It’s no secret that teachers’ creativity shines in the way they lay out their classrooms, utilizing their freedom to decorate their rooms in ways that inspire students, Sujatta Bhatt, a senior fellow at non-profit Transcend and instructor at the University of Pennsylvania Graduate School of Education’s Education Entrepreneurship Program, writes for EdSurge.
Bhatt suggests that this creativity also transcends the classroom to sound ideas for designing the way education is actually delivered and school design as a whole, arguing that it is time for their inclusion in the decision-making process at all levels.
Bhatt points out that the National Education Association urges teachers to use their own creativity in a way that inspires students to tap into their own, and with artificial intelligence replacing labor, that creativity will be what makes today's students irreplaceable in their future careers.
As the education system evolves to develop students with more creative problem-solving skills, teachers remain the strongest — and often most untapped — resources in a district. Those that recognize the value of teachers’ opinions will be the ones that save time and money in the long run. This follows the growing trend of implementing a bottom-up approach to change in the education decision-making mechanism, as a number of districts are giving teachers more authority to make the changes they feel would most benefit students.
For example, teachers at Impact Academy at Orchard Lake in Minnesota were given the autonomy to make decisions about everything from taking out walls in the school for more open classrooms to allowing students to work across different grade levels based on their ability in different subjects.
The broader Teacher-Powered initiative connects those interested in creating student-centered schools by flipping the top-down administrative approach. This approach improves job satisfaction, which may end up being a big issue in the 2020 presidential election. Already, American Federation of Teachers President Randi Weingarten is gearing up to unite the 1.7 million member union during the upcoming presidential election, as the increase in teacher strikes in recent years pushes education's importance at the ballot box.

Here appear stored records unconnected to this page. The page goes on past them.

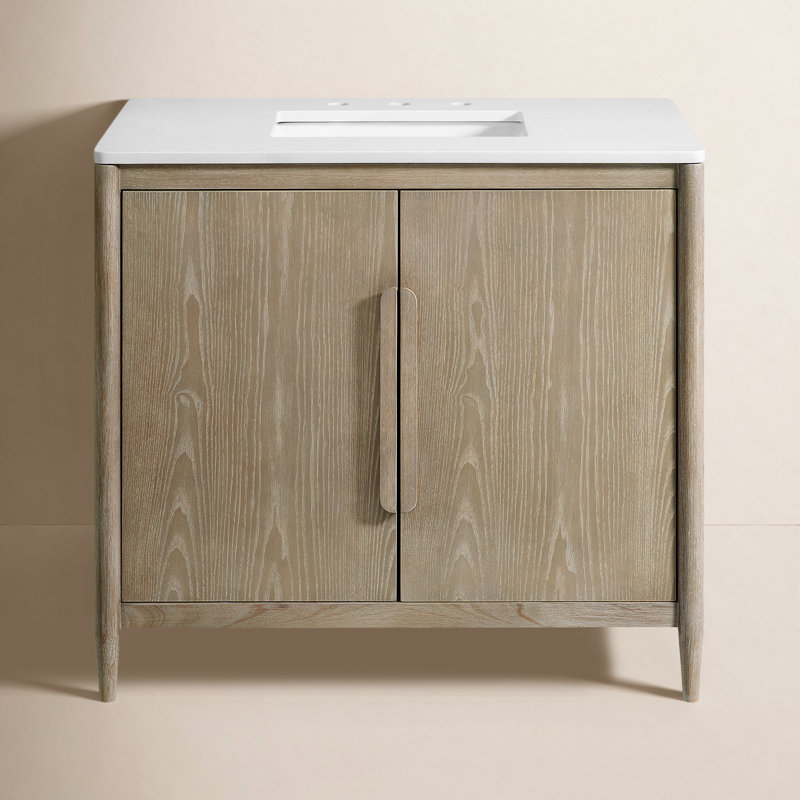 Alsup 36" Single Vanity With Quartz Countertop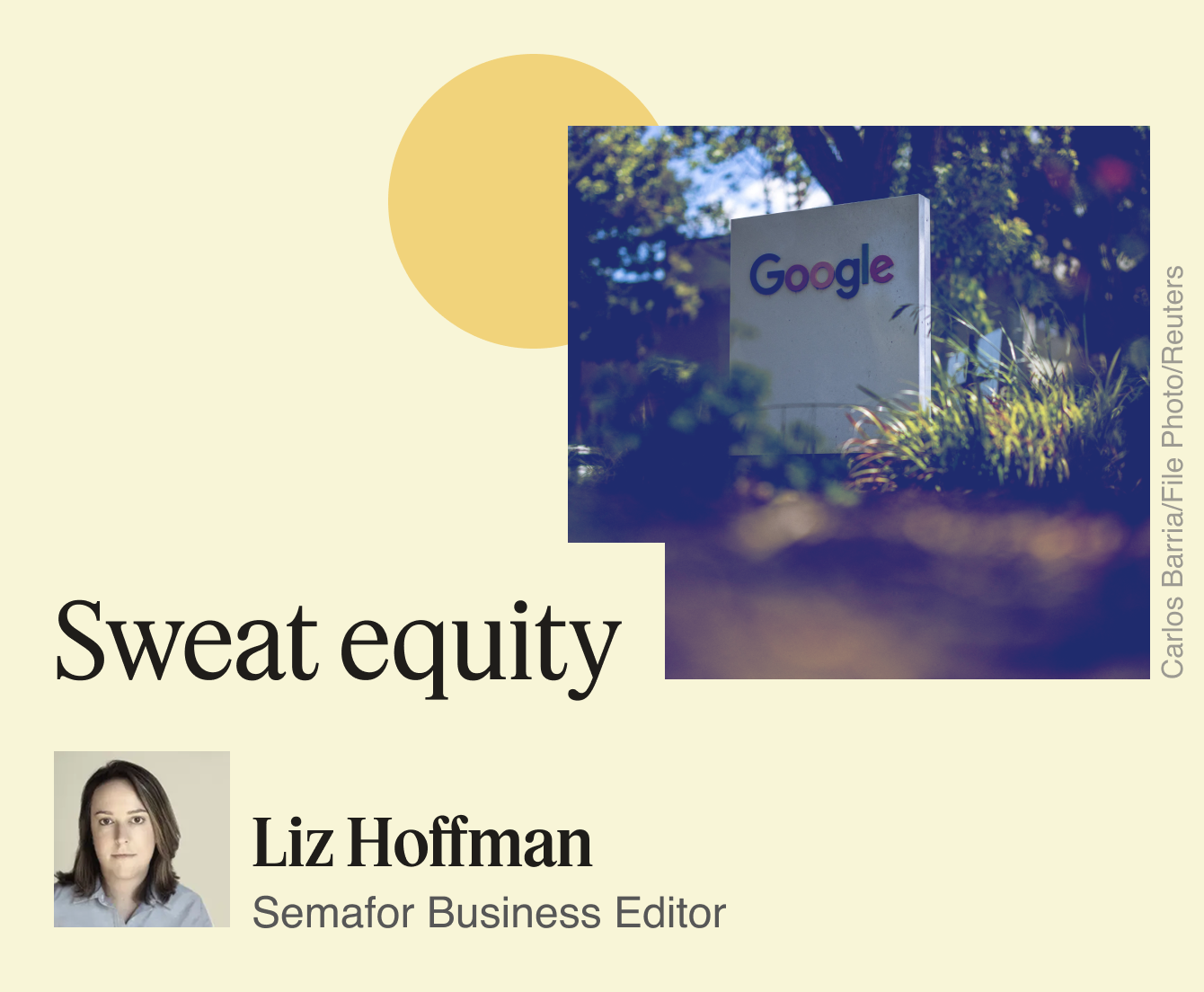 Sweat equity.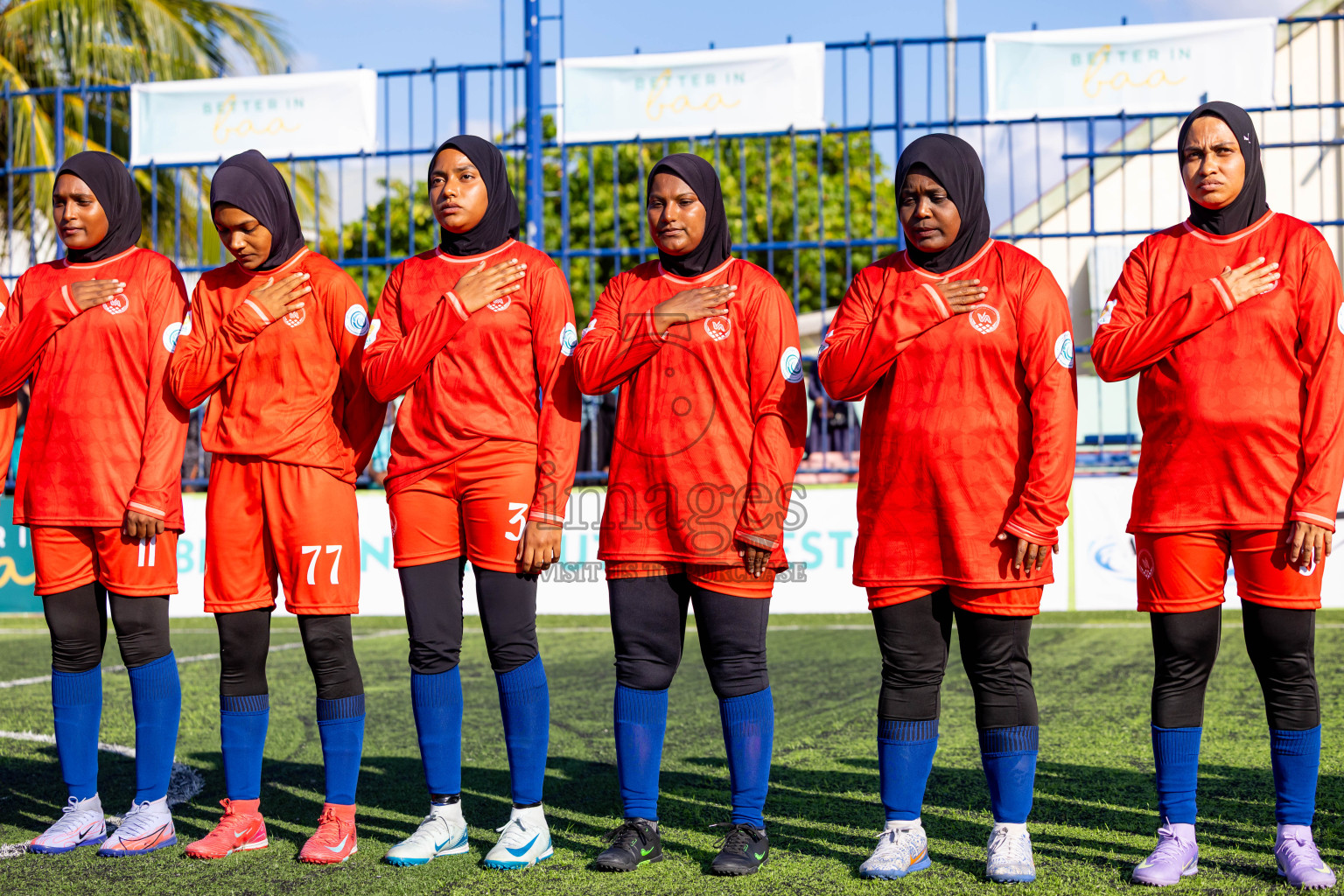 Dhonfanu vs Eydhafushi in Day 1 of Better in Baa Futsal Fiesta 2025 Woman's division held in B. Eydhafushi, Maldives on Wednesday, 5th November 2025. Photos: Nausham Waheed / images.mv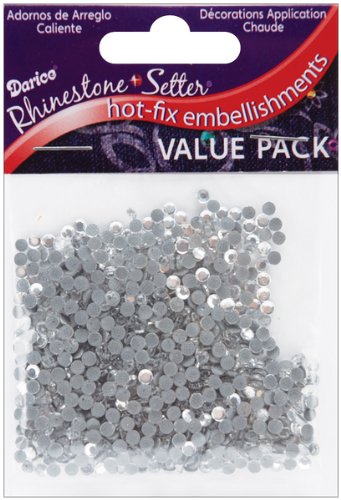 Rhinestone Setter Hot-Fix Embellishments 3mm 1000/Pkg: Crystal Glass Stone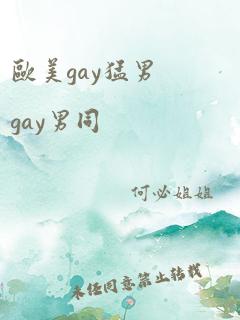 欧美gay猛男gay男同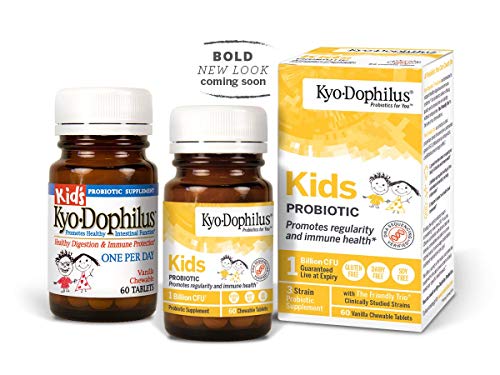 Kyo-Dophilius Kids Probiotic, Promotes Regularity And Immune Health*, 60 Tablets (Packaging May Vary) #TOP6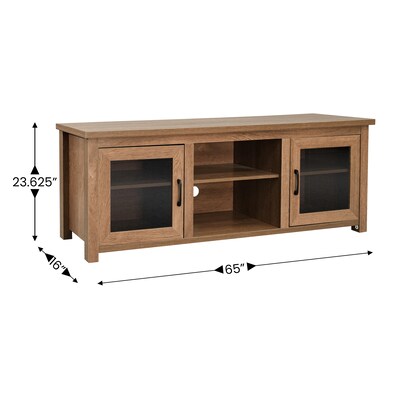 Flash Furniture Sheffield Classic TV Stand, Screens up to 80", Walnut (GCMBLK65WAL)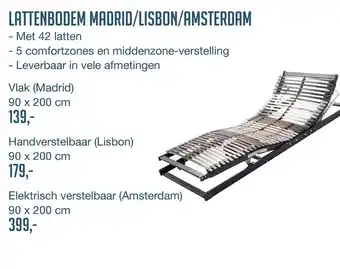 Comfort Suite Lattenbodem madrid/lisbon/amsterdam aanbieding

Though most teachers go into the profession because they love what they do, they are not compensated for the responsibility they have versus the support they receive. Nationwide, 19.9% of households led by teachers are burdened by housing costs, and teachers earn 27.4% less than other college-educated professionals. Given these statistics, prioritizing an increase in bottom-up decision-making could also serve as a strong first step toward boosting teachers’ job satisfaction.